I’d stood up, dazed, and had found to my horror that I was a little bit wet between the legs. I had dived too deeply, felt what he felt too strongly.
I found the nearest bathroom and puked my guts out.
Bad as that was, it helped. I knew we were looking for a man who was organized and smart, but who couldn’t control himself if the right trigger occurred.
We caught our man, we had DNA, but because of my deep dive, we got a confession as well. Stacy Hobbs was a new agent in the LA office, and she was exactly what I needed. Twenty-four, brunette, a distraction to all the men in a thousand-foot radius.
I had her dress as the women he killed had dressed, had her make herself up. I told her how to stand in the corner, how to stare at him, how to cock her hip and smile seductively. I told her she wasn’t to say a word.
His name was Jasper St. James, and he couldn’t take his eyes off her. I watched his fists clench. Watched as his mouth fell open, just a little. His lips actually plumped up before my eyes, like the lips of a vampire. He began to sweat and he muttered under his breath.
“Bitch. Bitch.” Over and over.
In prior interviews, he’d been cool as a cucumber.
I crossed my legs, a signal to Stacy. She did what I’d told her to do: she looked right into Jasper’s eyes and licked her lips, long and slow, smacking and obscene and wet-sounding. Then she turned, abrupt, and left without a word.
Jasper actually screamed with frustration when that happened. It was just a single screech, a high-pitched keen, as if someone had squeezed his balls with a pair of pliers. I leaned forward over the interrogation table.

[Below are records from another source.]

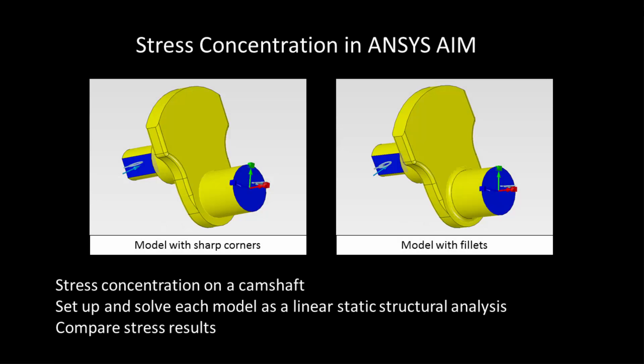Hello and welcome to this demonstration of ANSYS AIM. In this short video I will show you how to set up and solve a simple linear static structural analysis. I will also discuss some issues that you should be aware of when working with parts that have sharp corners.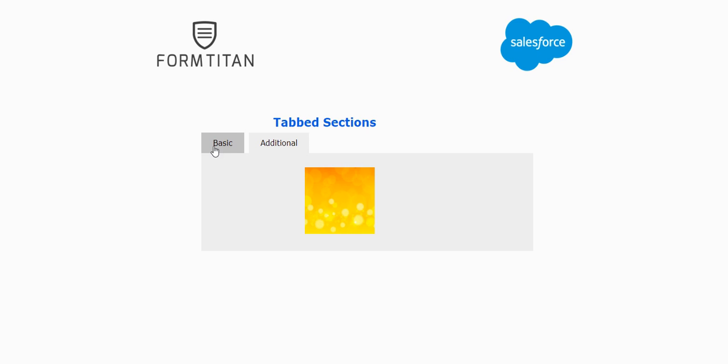We have the additional with the picture and the basic with the text box. This is it for today, thank you very much.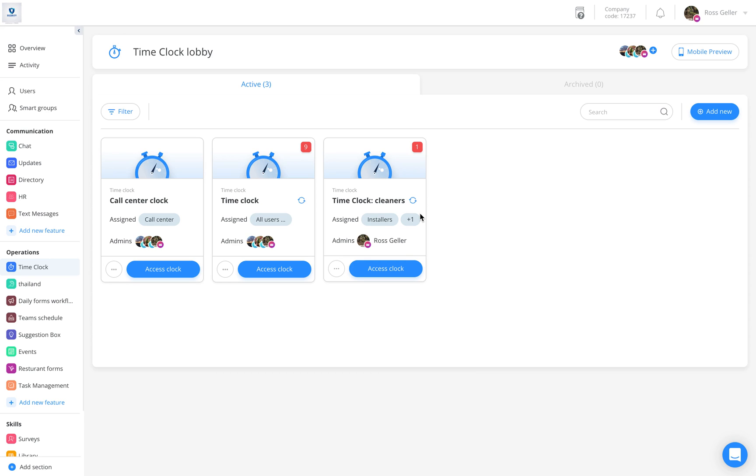Let's begin from the dashboard. First, enter the time clock category located on the left of your sidebar. Once here, access the relevant time clock.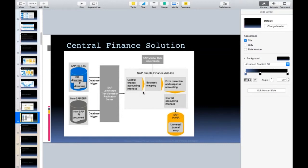If you ever see differences between the source and target systems, go and check if any manual posting has been done in the Central Finance system — that will definitely cause differences. SAP recommends that if you want to perform adjustment entries at period end, do them in the source system so they will automatically flow to Central Finance, keeping both systems reconciled. Direct postings in Central Finance will not go back and will cause reconciliation issues.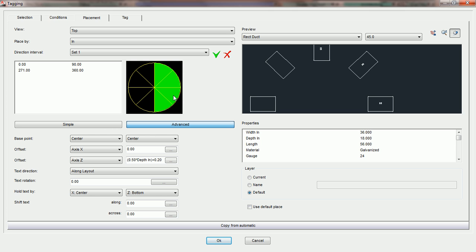So if you would like to get tags on ducts that are going in an elevated view, you would need to check use default placement. And when you do that, it will place the tag but it will place it in the center of the fitting. That's where the default placement usually is.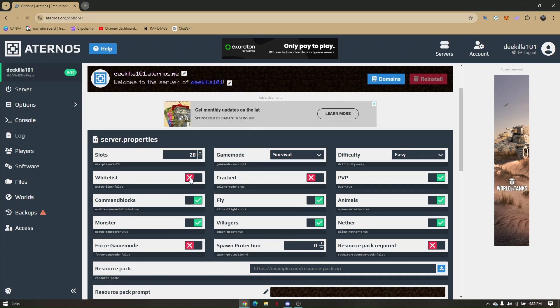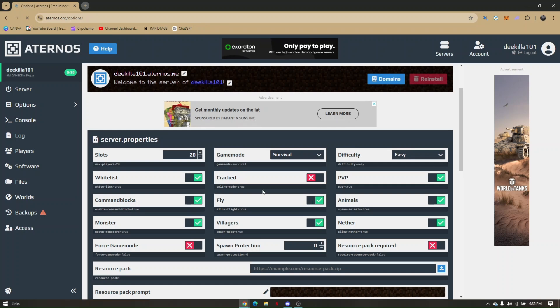If it's enabled, it's going to be checked or colored green. If it's disabled, all you have to do is click on that and make it a check mark. That's how easy you can enable keep inventory on an Aternos server.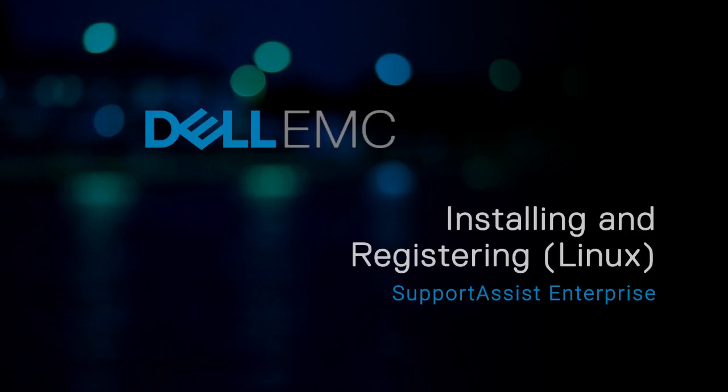In this video, we'll demonstrate how to install and register SupportAssist Enterprise on a local system that is running a Linux operating system.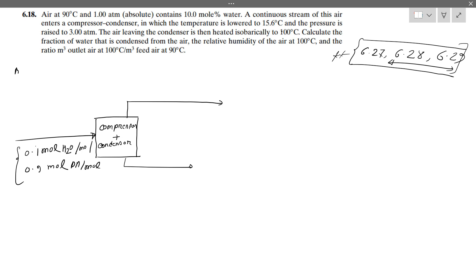Class mode basic concept: composition. Feed: 10% mole fraction of water.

“It must have felt so so so so so so good,” I said, pitching my voice low and breathy, “to watch them realize they were going to die.”
I remember his look. Horror and fascination and hope. Could almost hear his thoughts.
Could she actually understand? Was it possible?
It was, God help me, though not in the way he thought. I felt it, I understood it, but in the end, my understanding was synthetic. I was unfaithful; only Jasper’s love was pure.
He blabbered and blathered and sweated and shook and he talked. He told me his secrets. He was happy to share, grateful to finally have an audience. I listened and nodded and pretended empathy.
It occurred to me that Jasper had probably used false empathy to lure those women. Did this make him my victim? Our aims weren’t that much different. He wanted to destroy those women; I wanted to destroy him. The difference between us is that he deserved it.